Solved – Normalization of data before using a Kolmogorov-Smirnov test

distributionskolmogorov-smirnov testnormalization

I am working with two sets of data and would like to determine if they come from the same distribution — hence the two population KS-test. At this point, I have binned both sets of data, counting the number of entries in each bin, to create relative frequency histograms. These binned arrays look like:

dis1 = [0.0, 4.0, 9.0, 10.0, 23.0, 26.0, 43.0, 44.0, 38.0, 4.0]
dis2 = [116.0, 160.0, 209.0, 247.0, 415.0, 455.0, 382.0, 288.0, 161.0, 44.0].

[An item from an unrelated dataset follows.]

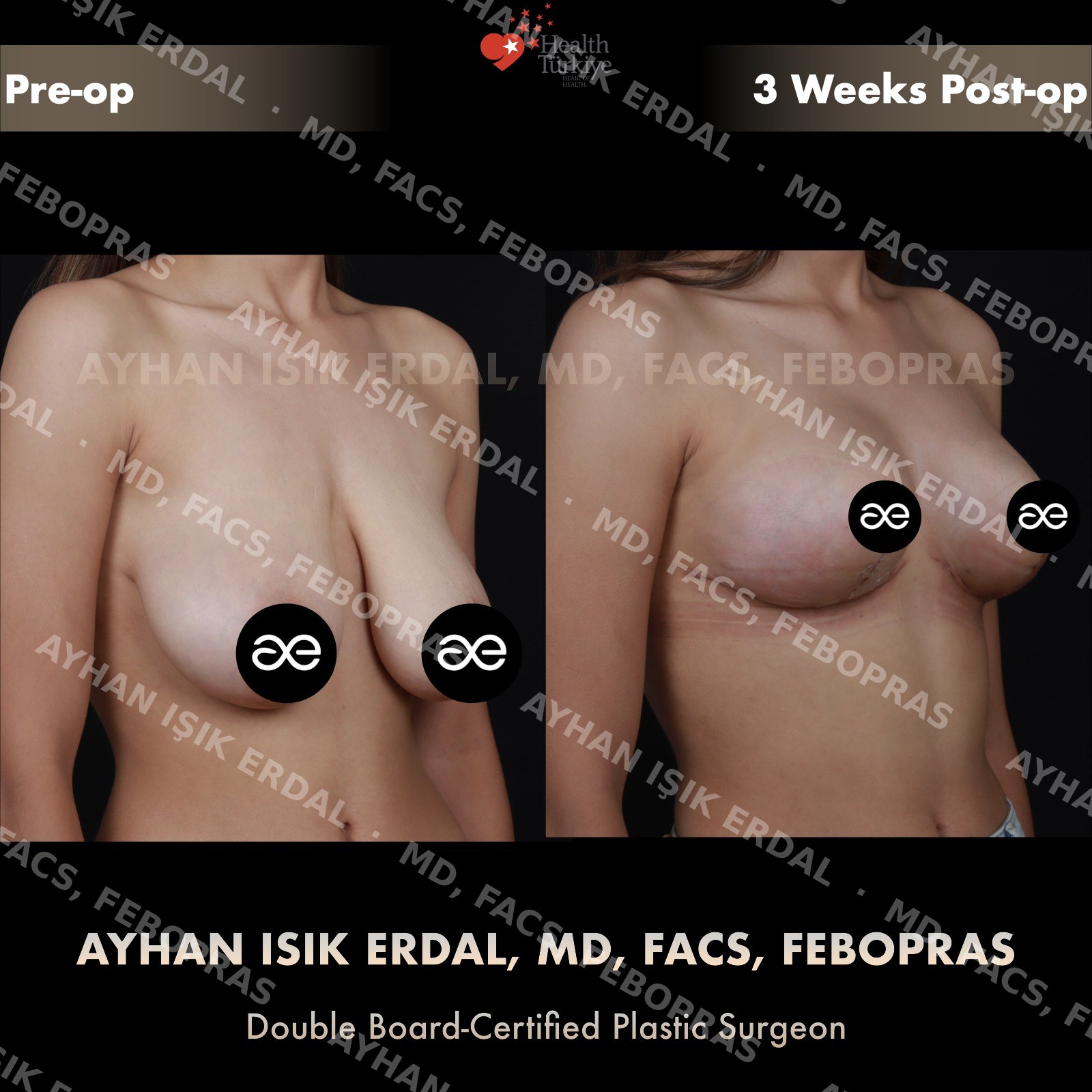 Breast lift before and after — autologous mastopexy, oblique view, 3 weeks post-op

When I perform the KS-test for 2 datasets, I get:

[h,p]=kstest2(dis1,dis2)
h = 1
p = 1.7012e-04

meaning that the null hypothesis was rejected and the samples do not come from the same distribution.

Now, if I normalize the binned data with respect to the maximum in each array, I have:

norm_dis1=[0.0, 0.090909090909090912, 0.20454545454545456, 0.22727272727272727, 0.52272727272727271, 0.59090909090909094, 0.97727272727272729, 1.0, 0.86363636363636365, 0.090909090909090912]
norm_dis2 = [0.25494505494505493, 0.35164835164835168, 0.45934065934065932, 0.54285714285714282, 0.91208791208791207, 1.0, 0.83956043956043958, 0.63296703296703294, 0.35384615384615387, 0.096703296703296707],

such that now the norm_dis arrays vary from [0,1]. The 2 population KS-test for these arrays gives:

[h,p]=kstest2(norm_dis1,norm_dis2)
h = 0
p = 0.3129,

such that the null hypothesis is accepted and the populations come from the same distribution.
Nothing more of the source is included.